More rewarding for me spiritually, while leaving room for subsequent meditation, was Michael Hoffman's "The Last Station," a film (now on DVD) about the last year in the life of the Russian novelist and thinker Leo Tolstoy.
Excellent acting by Helen Mirren as Tolstoy's spirited but agonized wife Sophia Tolstaya (Sofya), and Christopher Plummer as the aged count - supported by James McAvoy as the novelist's private secretary Valentin Bulgakov, and the manipulative promoter of Tolstoy's religious and ethical thought, Vladimir Chertkov, played by Paul Giamatti - contributed greatly to the success of this film.
The story centres on the last will of Tolstoy, in which he releases the copyrights for his literary oeuvre to the public domain while his wife attempts to keep them in the family.
Frictions between the couple and Tolstoy's increasing radicalism in divesting himself of all earthly possessions lead to his short-lived final escape from the country estate, Nasyana Polyana, and his death at Astapova railroad station.
The struggle between Tolstoy's wife and the adulating followers of the celebrated writer, the so-called Tolstoyans, is seen through the eyes of the writer's private secretary.
Valentin's emancipation from a blind follower to a more even-handed observer is embedded in a love story that tests the young man's ideology.

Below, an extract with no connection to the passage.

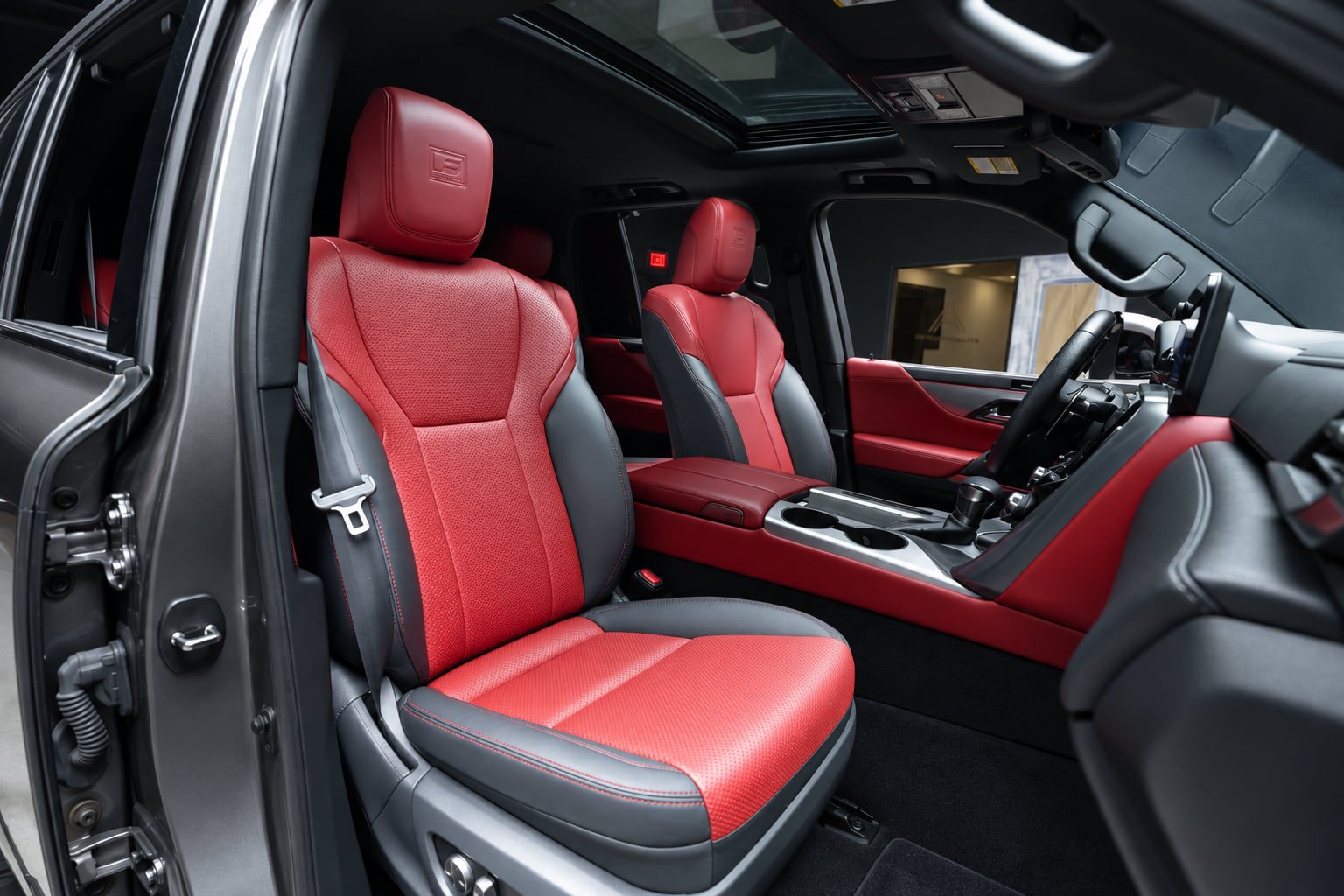 Used 2024 Lexus LX 600 F Sport AWD/4WD image 25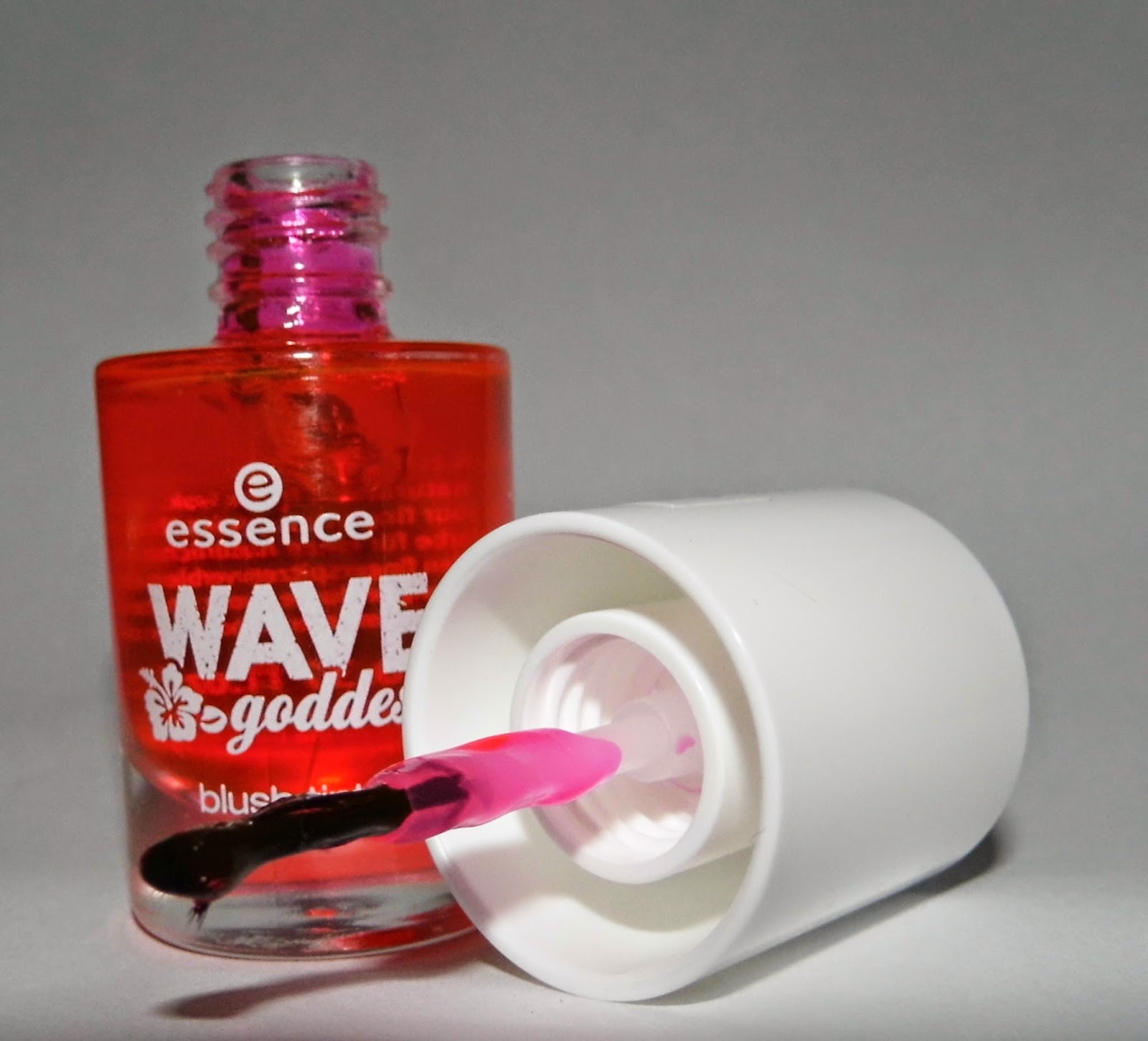 essence-wave-goddess-blush-tint-loose-your-heart-on-the-board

Such tension between thought and life, ideology and love, is itself a fundamental aspect of all purposeful living. Internalized ideas often take their own course and even pose a threat to the thought and system that created them.
Here, the expected utter loyalty of a devotee gives way to empathy for Tolstoy's wife and an increasingly critical attitude toward Chertkov, the chief ideologist of the Tolstoyans, for whom even the suffering and death of his master is merely one more opportunity to promote a cause. Even Tolstoy himself admits that he is a poor Tolstoyan.
This period in the author's life casts a light on his role as a radical Christian pacifist and anarchist, who not only questioned institutional religion but many societal institutions, including those that gave rise to his own privileged and aristocratic upbringing and lifestyle.
Unlike the proponents of believers' churches - such as the Anabaptists, who expressed a profound criticism of state-church relationships and erected countercultural communities based on the Bible - the count's strength lay not so much in creating new utopian societies as in ruthlessly exposing the designs of organized oppression and of inspiring other individuals with the seriousness of his ethical appeal.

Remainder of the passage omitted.